*** SUPPLIED ENTRIES Section Begins ***

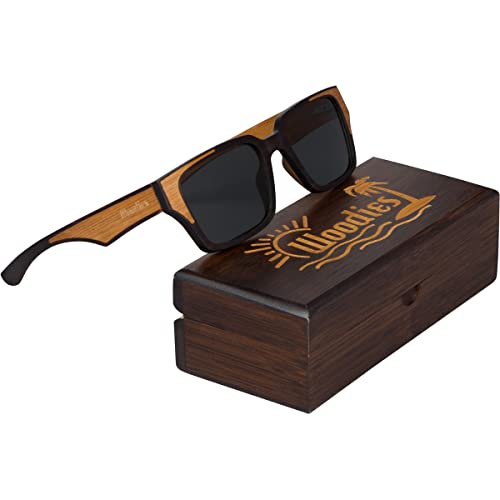 Woodies Ebony and Gold Inlay Sunglases | Black Polarized Lenses and Real Wooden Frame | 100% UVA/UVB Ray Protection2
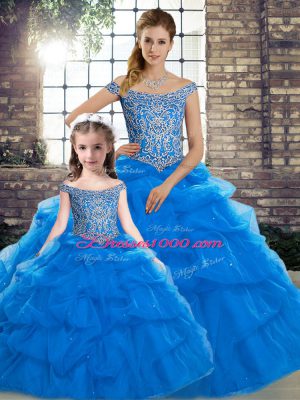 Beautiful Beading and Pick Ups Sweet 16 Dress Blue Lace Up Sleeveless Brush Train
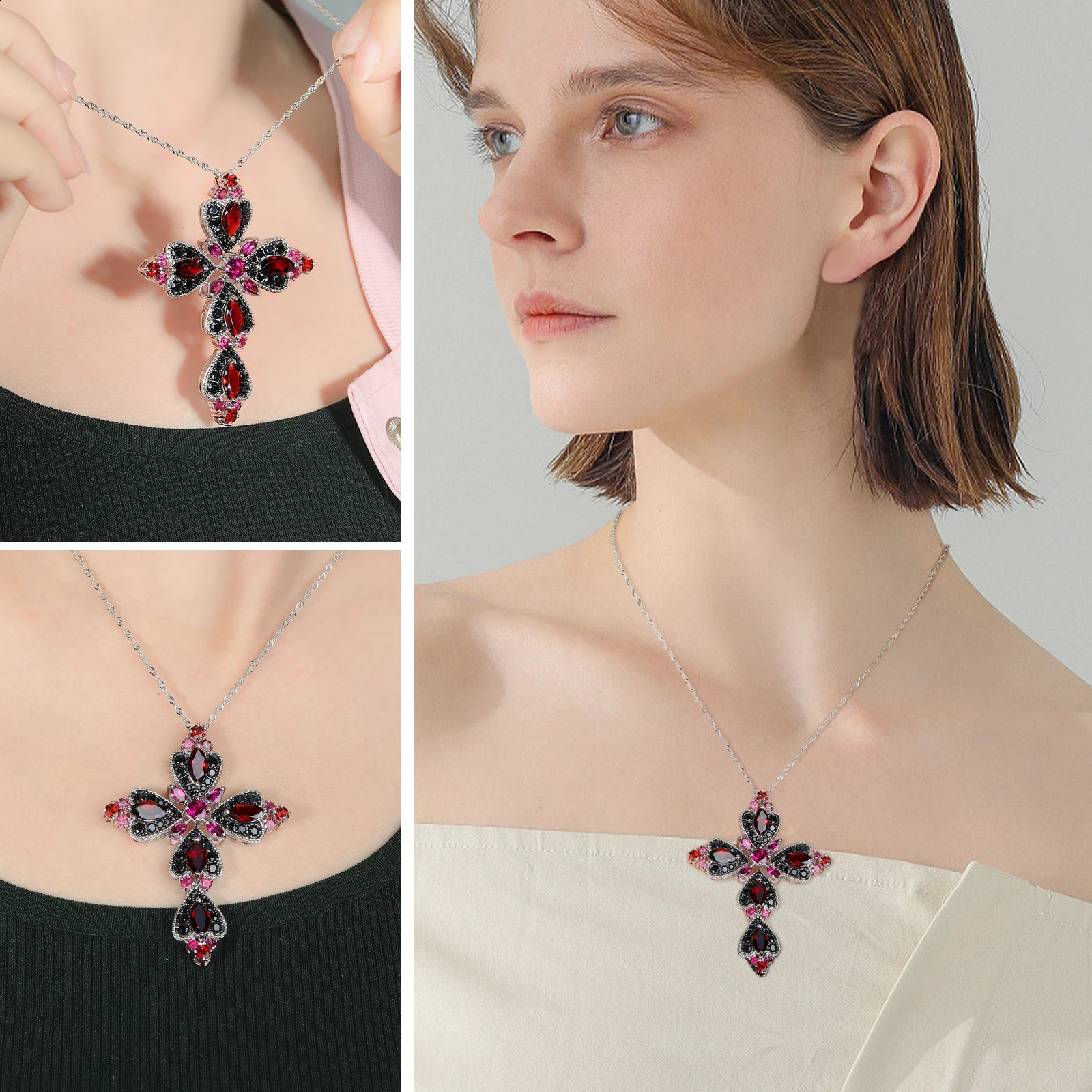 GZ ZONGFA Natural Color Gemstone Pure Silver Cross Pendant Amethyst Lemon Gemstone 241213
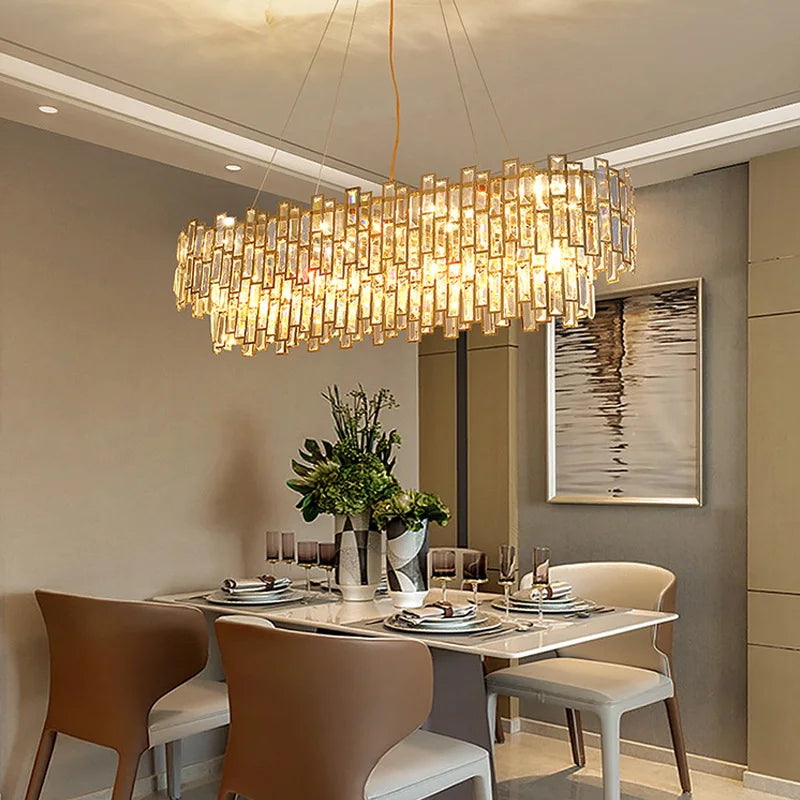 Afralia™ Crystal Pendant Chandelier: Elegant Lighting for Living & Dining Rooms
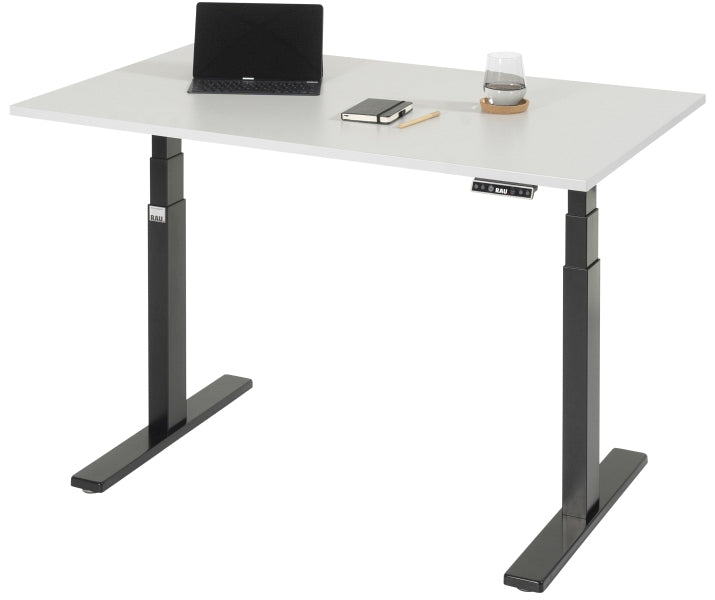 Schreibtisch adlatus 100, B1250xT800xH650-1300mm, tiefschwarz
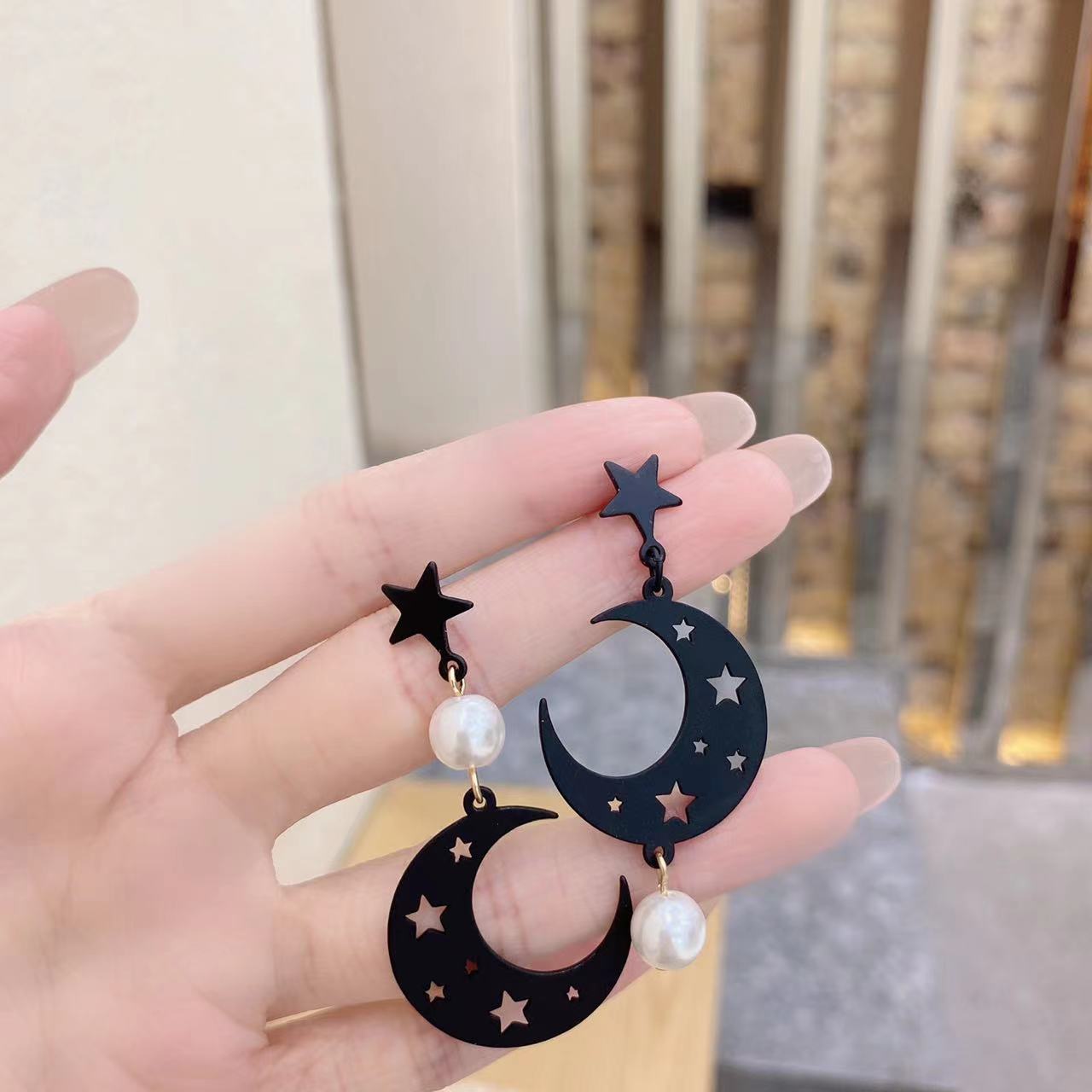 Pearl, Plating Design Fashion Star Moon Metal Pearl Plating Women's Drop Earrings 1 Pair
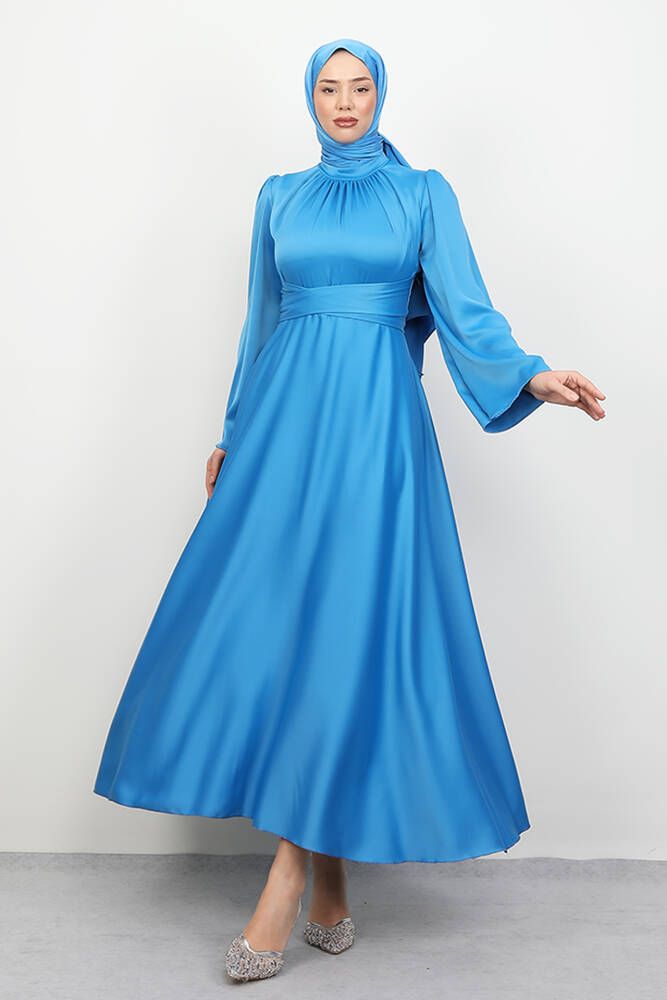 Nazlı Tesettür Elbise Gök Mavi 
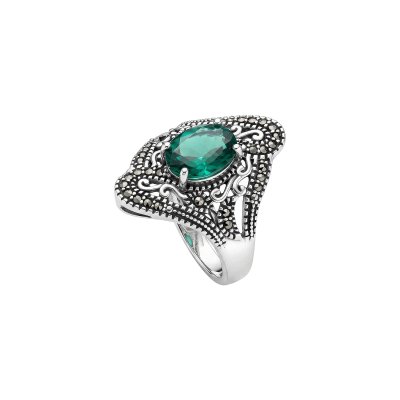 Triplet Green Emerald Quartz & Marcasite Sterling Silver Ring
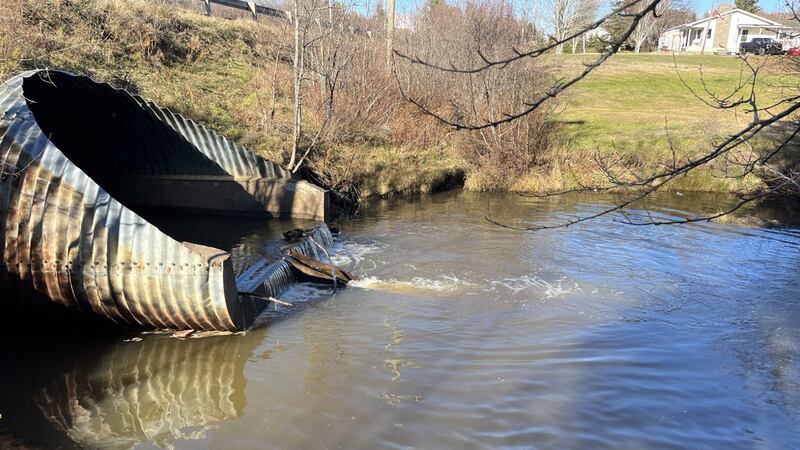 The body of water that Gerard LeBlanc crashed his car into off Route 490 just north of Moncton, N.B. (CTV News Atlantic/Derek Haggett)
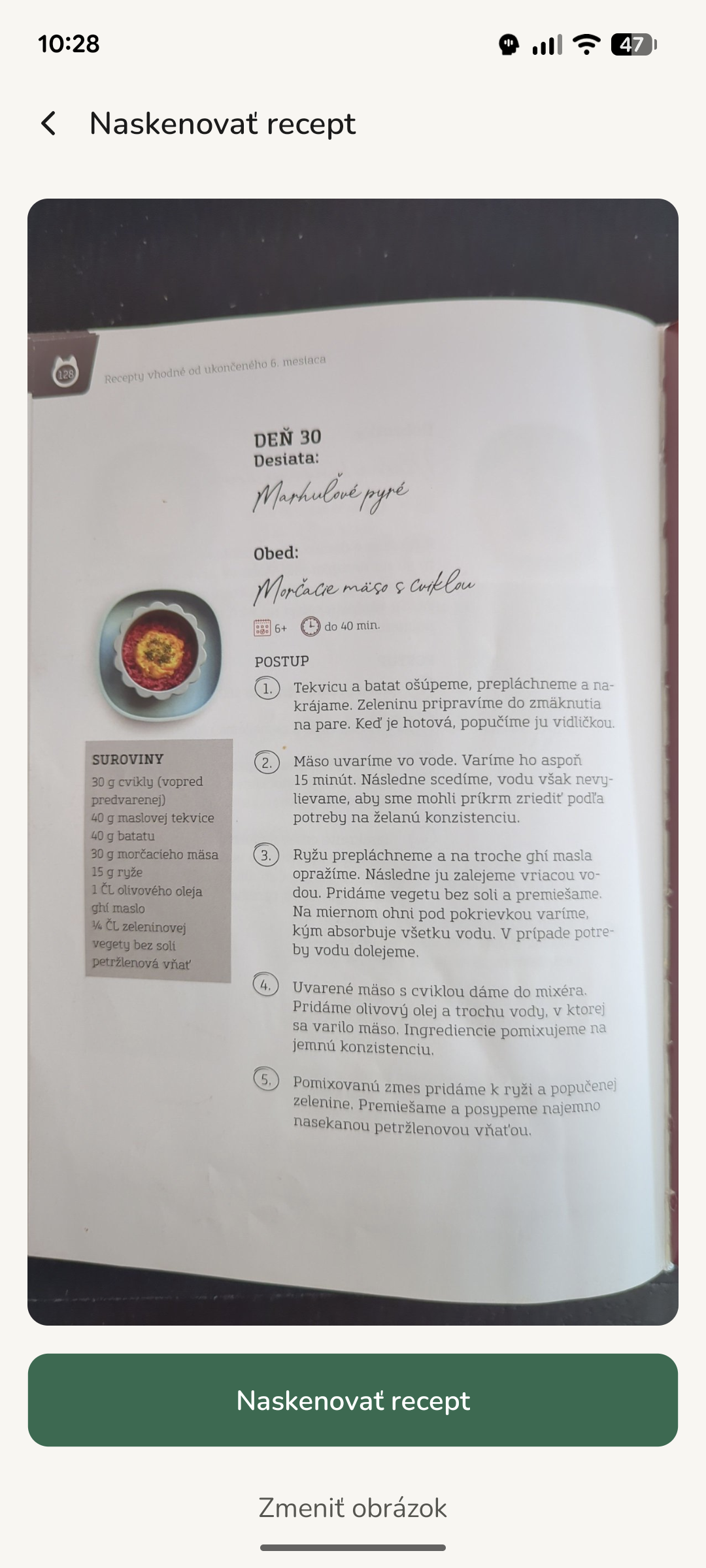 Skenovanie stránky z kuchárky do Thymelistu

*** SUPPLIED ENTRIES Section Ends ***

Output exactly, and only, the lines running from the line containing "Triplet Green Emerald" to the last line of the entries above, omitting the pictures.

 Triplet Green Emerald Quartz & Marcasite Sterling Silver Ring
 The body of water that Gerard LeBlanc crashed his car into off Route 490 just north of Moncton, N.B. (CTV News Atlantic/Derek Haggett)
 Skenovanie stránky z kuchárky do Thymelistu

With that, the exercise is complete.